The Comfort of Hearing Your Language

My main office staff members also attend every single community event we host, so there’s always someone there who can talk to parents using the familiar sound of their home language. You can almost feel the sigh of relief when someone walks in, and our staff speaks to them in a way that helps them feel connected.

But not every student’s family can visit our school in person or make time to read all the translated communications we send home. Some parents have two or three jobs or work in places where they don’t necessarily use email. What every parent does have is a cellphone, so we’re trying to identify the best tools to share information with those who might not see our emails.

We are always sending out information to families about incredible opportunities for their children because we don’t want parents to miss the chance to take advantage of them. But even if they do get the materials, it can be challenging for us to overcome cultural and language barriers with some parents. We recently sent a group of kids to a three-day sleepaway leadership camp, but fear and lack of understanding by a few parents definitely prevented some kids from applying.

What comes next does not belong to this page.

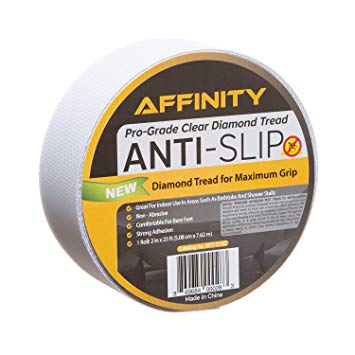 Anti-Slip Tape - Clear Diamond Tread for Bath and Shower, 2 inch x 300 inch (25ft Roll)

So, we work on that type of communication constantly. A former student of ours will graduate from Harvard University in May; she’s our first student accepted there. But she almost didn’t go. I have a good relationship with her mother, who attended a lot of our parent events, but when her daughter got into Harvard, she didn’t want her to go. She’s Muslim, and the mother feared that her daughter would lose her roots, and she worried about the language challenges. Our school’s college counselor and I had multiple one-on-one meetings with the mother, and we also reached out to a parent network, which put her in touch with another mother of a Muslim girl who attended Harvard to help allay her concerns.

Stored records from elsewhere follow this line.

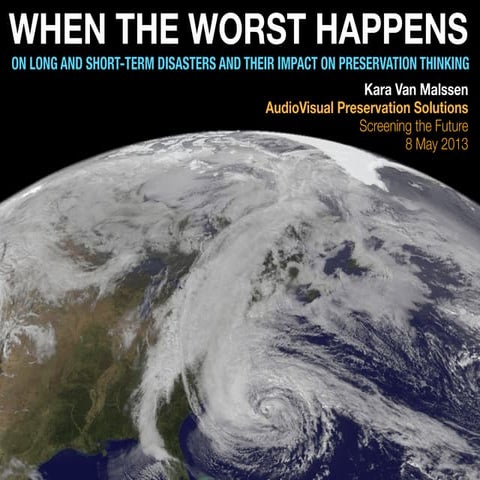 When the Worst Happens: On long and short-term disasters and their impact on ...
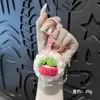 Llavero de Gran Ramo Tejido a Crochet Hecho a Mano Colgante Lindo Tejido de Hilo Decoración para Bolsos Regalo para Mejores Amigos Al Por Mayor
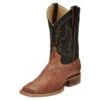 Justin Boots Men's Vintage Cognac Smooth Ostrich Cowboy Boot -Cinc Clothing Shop 138910 default l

Her daughter is thriving there, but it’s an opportunity that could have been missed. I’m proud that we were able to help her take advantage of that opportunity.

Overcoming Cultural Gaps

Closer to home, some of our parents don’t want their children to attend college even here in the New York City area if it means their daughter will have to take the subway alone. As a result, we’ve started to create family college groups, in which the families of our graduates agree to send their daughters to certain colleges together, so that they can feel assured that their children have a peer network of cultural and linguistic support on campus. Our staff is working so hard to help these incredible girls become confident and independent young women, and we want them to get into the best postsecondary schools and have the best opportunities.

Some of our students’ achievements are truly inspiring. For example, our school offers a software engineering track, which students can start as young as age 11. What we’ve found that is that some of our Spanish speakers who don’t understand English yet have taken to the language of coding—basically a universal third language—and they are thriving with it. One of our girls, who speaks English and Spanish, was one of three students in the world who was selected by code.org to travel to Vatican City last year to teach the pope his first line of code.

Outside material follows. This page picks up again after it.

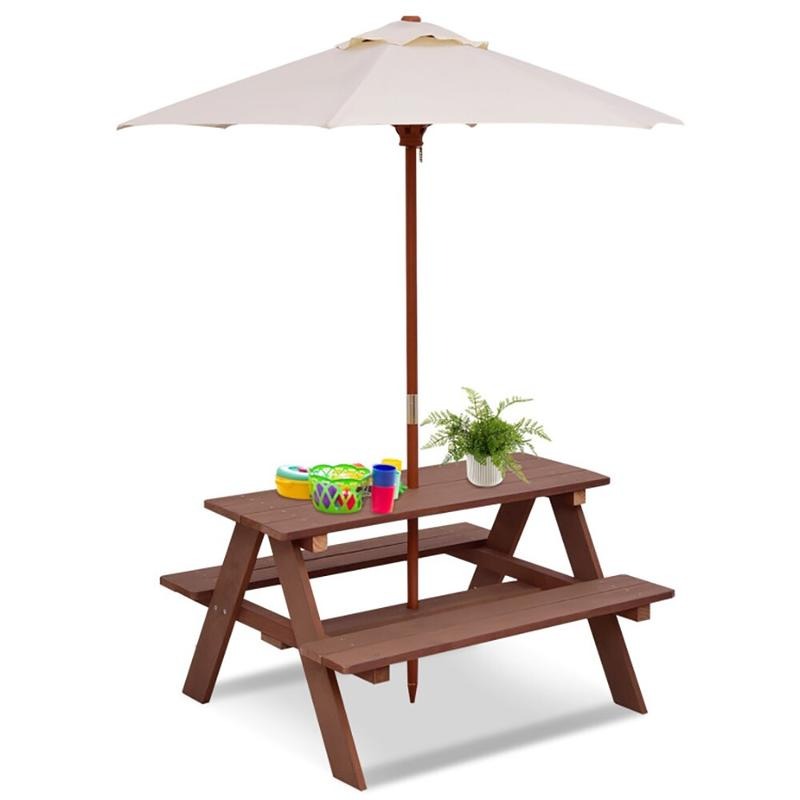 ชุดโต๊ะปิกนิกสำหรับเด็ก 4 ที่น - Kids Outdoor Umbrella บทวิจารณ์และราคา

There are advantages to being an all-girls school, and research attests to these benefits. But when you add in things like learning a new language and adjusting to a new culture, for an adolescent girl it’s much easier if you don’t have to do it in front of boys. There’s a big reduction of fear and pressure about making a mistake. In our school, there’s a lot of room to fail forward. We have this great group of girls, and we want to prepare them for the next step in their lives.

Allison Persad, EdD, is the principal of The Young Women’s Leadership School of Astoria in Astoria, NY, and the co-facilitator of NASSP’s School Leaders of Color Network.